Exercise objective: Leave out the pictures, then return the records word for word.

***

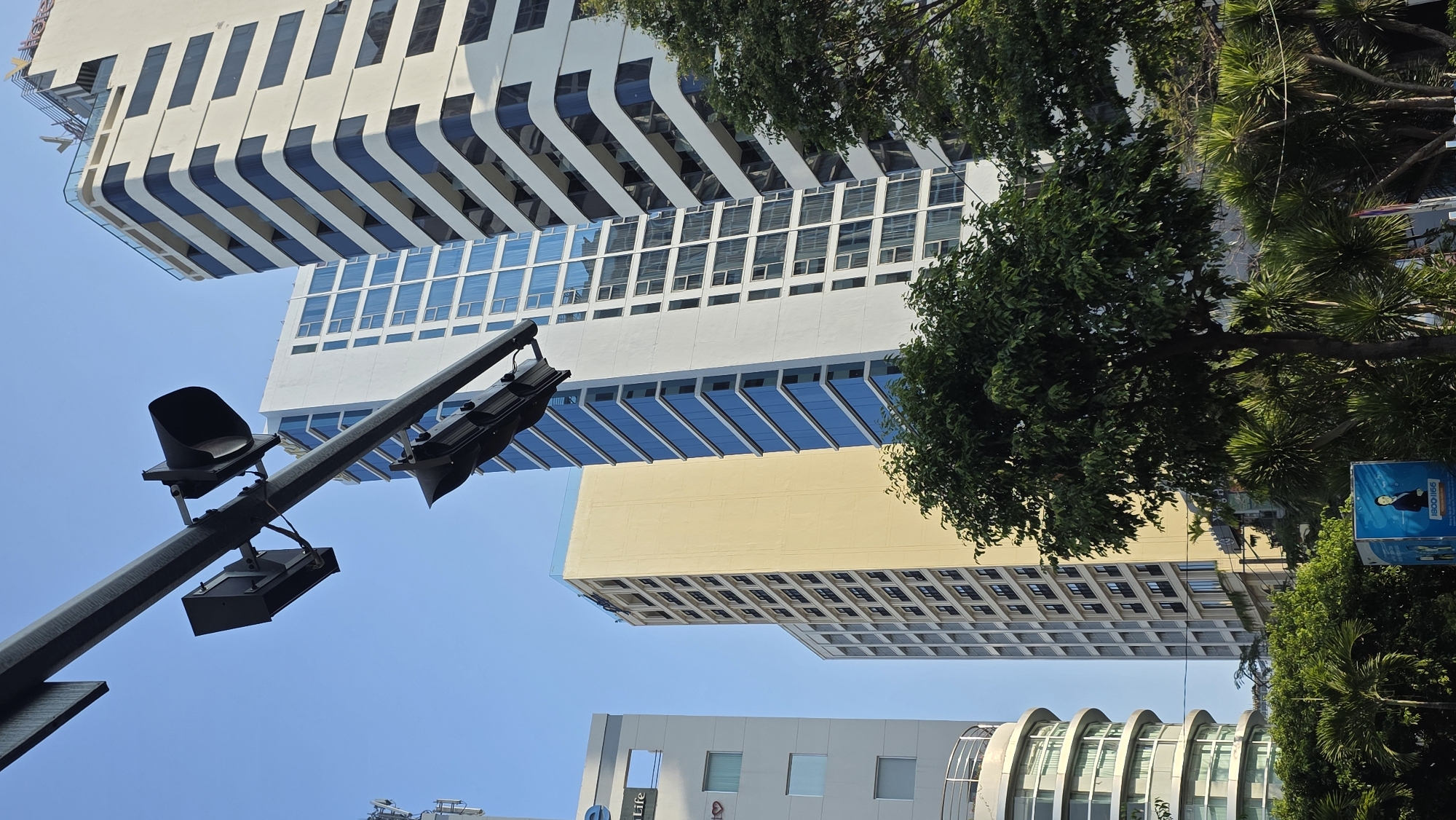 The image shows a low-angle view of buildings in Nha Trang, Vietnam. The buildings have a modern design, with multiple stories and glass windows. The sky is clear and blue. A black traffic light pole with lights is in the foreground. Trees and a sign are on the right side.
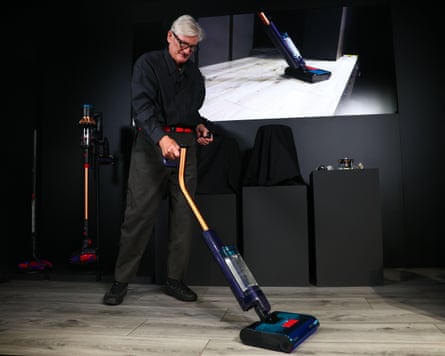 On an illuminated stage, Sir James Dyson demonstrates one of his vacuum cleaners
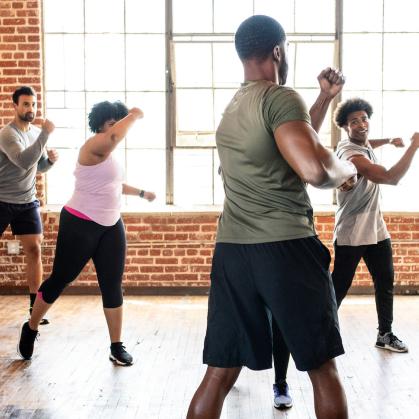 People wearing workout gear move their bodies in a workout class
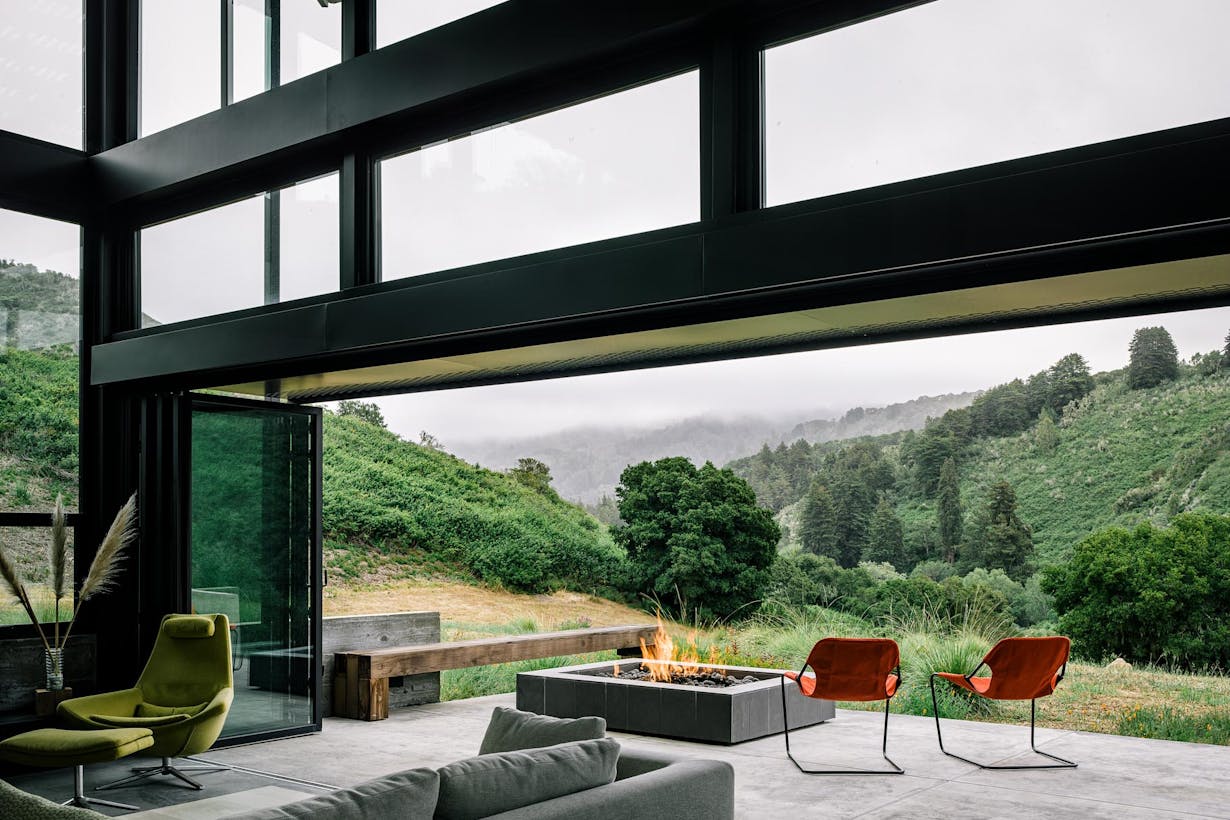 Folding patio doors with chairs and a fire pit with mountains in the background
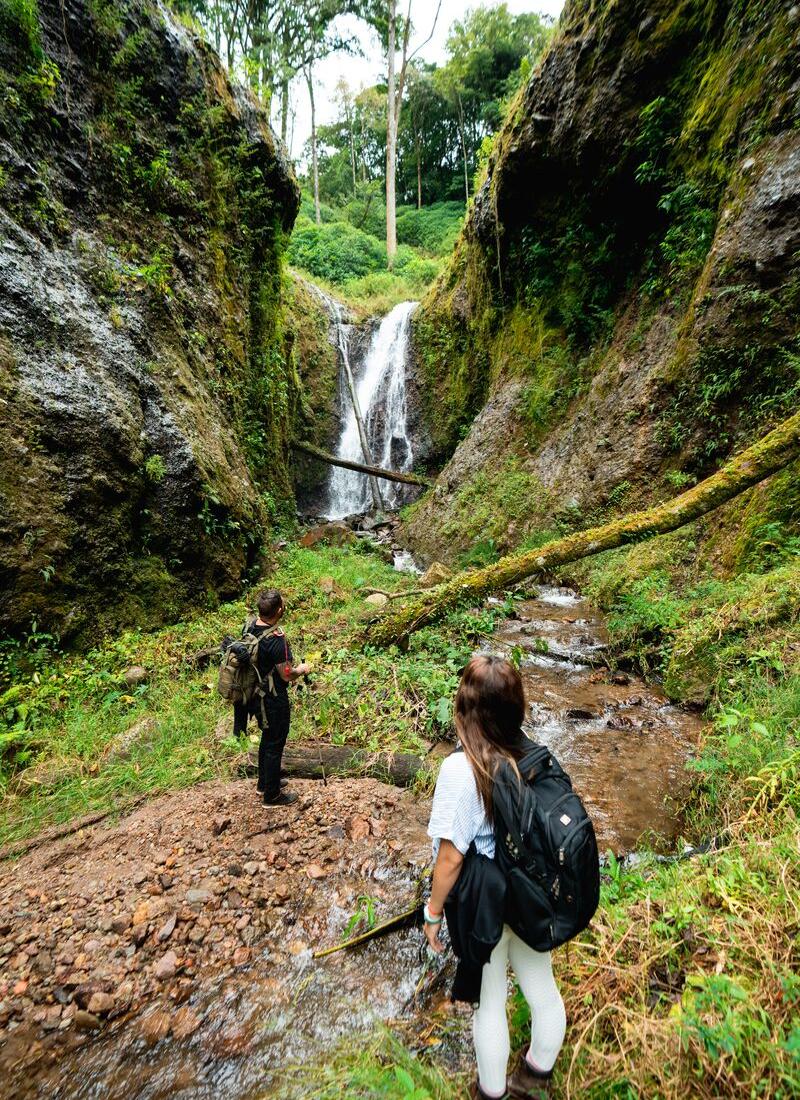 Hikers in front of a waterfall in La Amistad International Park in Chiriquí
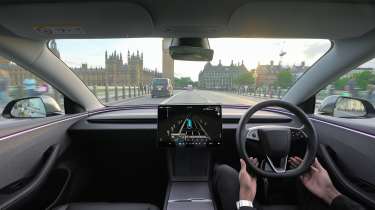 Self-driving Tesla Model 3 on Westminster Bridge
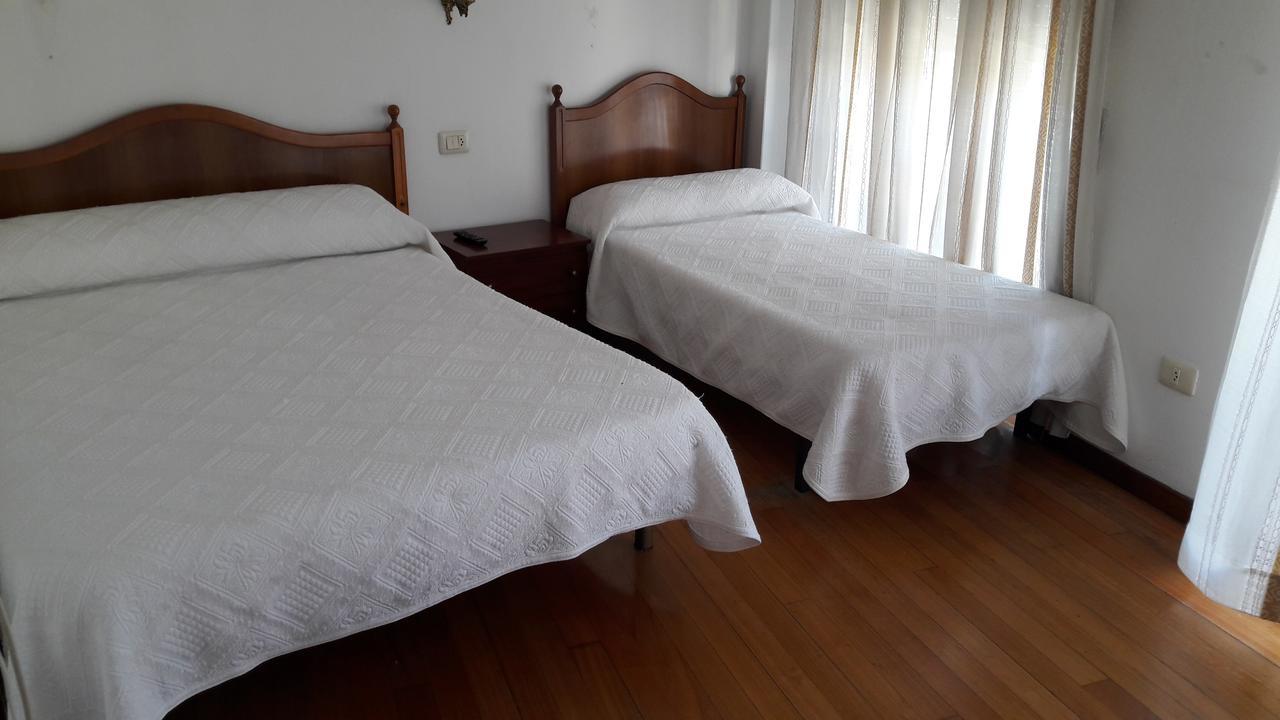 Quarto Quádruplo com Varanda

***

Task solution:
 The image shows a low-angle view of buildings in Nha Trang, Vietnam. The buildings have a modern design, with multiple stories and glass windows. The sky is clear and blue. A black traffic light pole with lights is in the foreground. Trees and a sign are on the right side.
 On an illuminated stage, Sir James Dyson demonstrates one of his vacuum cleaners
 People wearing workout gear move their bodies in a workout class
 Folding patio doors with chairs and a fire pit with mountains in the background
 Hikers in front of a waterfall in La Amistad International Park in Chiriquí
 Self-driving Tesla Model 3 on Westminster Bridge
 Quarto Quádruplo com Varanda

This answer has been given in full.